Mark Kistler zachęca by rysować codziennie przynajmniej przez dwadzieścia minut. Jeśli możecie poświęćcie więcej czasu. Rysowanie zaczyna sprawiać radość, to świetnie, bo to podstawa. To niby oczywiste, takie proste wskazówki, by nie popaść w zniechęcenie i nie rzucić rysowania po pierwszej lekcji, czy kolejnych. Im bardziej dopracujecie rysunek, tym będziecie bardziej zadowoleni. I o to w tym chodzi. Cieszcie się efektami swoich prac. Nie rzucajcie się od razu na rysowanie portretu, zacznijcie lekcja po lekcji. A potem powtarzajcie je. Mark Kistler uczy oprócz techniki, otwartego myślenia, kombinowania, jak to co potrafisz możesz wykorzystać w praktyce. Umiesz rysować tylko kulę, i cieniować, to wykorzystaj to, zrób z tego użytek, narysuj np. planetę. Po każdej lekcji zaprezentowane są inspirujące prace uczniów, którzy też nie umieli rysować. A jednak ich szkice robią wrażenie. Nie odpuścili, choć pewnie nie raz dały im te lekcje w kość.
Nie wiem, czy jest sens otaczać się mnóstwem podręczników do rysowania, przynajmniej na początku, gdy najbardziej potrzebujemy zachęty i wytrwania przy tych pierwszych próbach. Jedyne czego potrzebujemy to szkicownik, kilka ołówków (na początek nawet jeden) i gumkę do mazania. Reszta to wykonywanie lekcji i wyciskanie z nich ile tylko można. Po czasie pewnie każdy znajdzie to, co chciałby rysować. To co mu znacznie lepiej wychodzi i sprawia przyjemność.
Trening czyni mistrza, nawet jeśli te efekty nie będą powalające, i osiągniemy jakiś pułap możliwości, których nie przeskoczymy (nigdy, albo długo), to będziemy rysować zdecydowanie lepiej.
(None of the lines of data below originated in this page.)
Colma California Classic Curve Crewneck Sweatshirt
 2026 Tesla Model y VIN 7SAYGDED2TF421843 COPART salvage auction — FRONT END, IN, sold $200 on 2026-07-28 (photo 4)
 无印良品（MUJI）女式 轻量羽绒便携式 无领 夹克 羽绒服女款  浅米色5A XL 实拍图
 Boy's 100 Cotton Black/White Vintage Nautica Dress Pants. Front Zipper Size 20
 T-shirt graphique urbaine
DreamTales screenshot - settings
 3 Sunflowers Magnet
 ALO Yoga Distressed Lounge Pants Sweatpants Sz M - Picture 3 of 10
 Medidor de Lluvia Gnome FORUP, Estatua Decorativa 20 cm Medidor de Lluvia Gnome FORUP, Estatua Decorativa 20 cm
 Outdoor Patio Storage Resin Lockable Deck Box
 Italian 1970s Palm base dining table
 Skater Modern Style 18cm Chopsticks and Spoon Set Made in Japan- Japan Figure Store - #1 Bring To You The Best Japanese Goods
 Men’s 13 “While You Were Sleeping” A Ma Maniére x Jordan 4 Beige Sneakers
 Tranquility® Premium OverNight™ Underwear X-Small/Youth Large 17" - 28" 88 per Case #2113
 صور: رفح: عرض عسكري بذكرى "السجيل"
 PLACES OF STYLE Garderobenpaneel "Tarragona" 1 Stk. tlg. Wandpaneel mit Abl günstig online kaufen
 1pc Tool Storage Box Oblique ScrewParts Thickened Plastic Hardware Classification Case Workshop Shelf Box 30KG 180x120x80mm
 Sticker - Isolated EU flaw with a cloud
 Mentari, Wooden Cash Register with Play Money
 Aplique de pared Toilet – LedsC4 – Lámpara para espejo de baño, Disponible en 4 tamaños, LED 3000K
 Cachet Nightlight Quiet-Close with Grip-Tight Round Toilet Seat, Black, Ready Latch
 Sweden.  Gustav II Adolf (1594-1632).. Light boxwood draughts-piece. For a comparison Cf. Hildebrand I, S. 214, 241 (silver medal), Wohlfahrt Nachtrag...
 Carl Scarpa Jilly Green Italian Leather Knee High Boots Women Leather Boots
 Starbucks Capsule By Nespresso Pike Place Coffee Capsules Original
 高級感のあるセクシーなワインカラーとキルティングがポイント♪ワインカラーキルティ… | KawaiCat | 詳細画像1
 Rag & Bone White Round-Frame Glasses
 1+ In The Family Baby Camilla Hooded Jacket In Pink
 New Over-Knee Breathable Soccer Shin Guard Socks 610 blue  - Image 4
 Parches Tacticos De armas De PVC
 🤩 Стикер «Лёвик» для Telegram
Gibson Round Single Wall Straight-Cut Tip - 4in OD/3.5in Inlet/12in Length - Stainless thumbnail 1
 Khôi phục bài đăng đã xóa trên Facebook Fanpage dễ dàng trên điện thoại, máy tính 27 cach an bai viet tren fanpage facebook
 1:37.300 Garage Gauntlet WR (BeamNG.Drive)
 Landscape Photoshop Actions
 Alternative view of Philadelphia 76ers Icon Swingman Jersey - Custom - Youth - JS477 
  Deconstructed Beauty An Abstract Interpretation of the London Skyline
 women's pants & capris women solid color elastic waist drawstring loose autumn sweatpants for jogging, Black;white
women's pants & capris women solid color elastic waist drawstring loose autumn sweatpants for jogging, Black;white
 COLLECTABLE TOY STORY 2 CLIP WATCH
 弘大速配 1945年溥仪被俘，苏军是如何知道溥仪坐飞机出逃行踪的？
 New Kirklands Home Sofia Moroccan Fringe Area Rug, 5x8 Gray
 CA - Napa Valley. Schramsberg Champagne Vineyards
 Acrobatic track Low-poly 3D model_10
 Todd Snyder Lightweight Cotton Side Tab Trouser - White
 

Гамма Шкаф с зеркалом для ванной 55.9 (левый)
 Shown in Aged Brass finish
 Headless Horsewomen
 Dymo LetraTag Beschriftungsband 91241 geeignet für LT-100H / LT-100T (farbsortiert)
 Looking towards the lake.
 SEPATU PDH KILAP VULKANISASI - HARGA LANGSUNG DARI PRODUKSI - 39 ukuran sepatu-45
Przede wszystkim trzeba uwierzyć w siebie, nie bać się efektu, czerpać radość z rysowania, chcieć przenosić na papier pomysły, które mamy w głowie.
Tak, rysowania można się nauczyć w każdym wieku. Udowadniają to chociażby prace uczniów Marka Kistlera. Warto mieć podręcznik dla siebie, by móc stale po niego sięgać, mieć go ciągle na widoku i codziennie rysować. Cieszcie się rysowaniem, nie oczekujcie od razu spektakularnych efektów, dajcie sobie czas, a efekty się pojawią. I sami będziecie zaskoczeni. Polecam.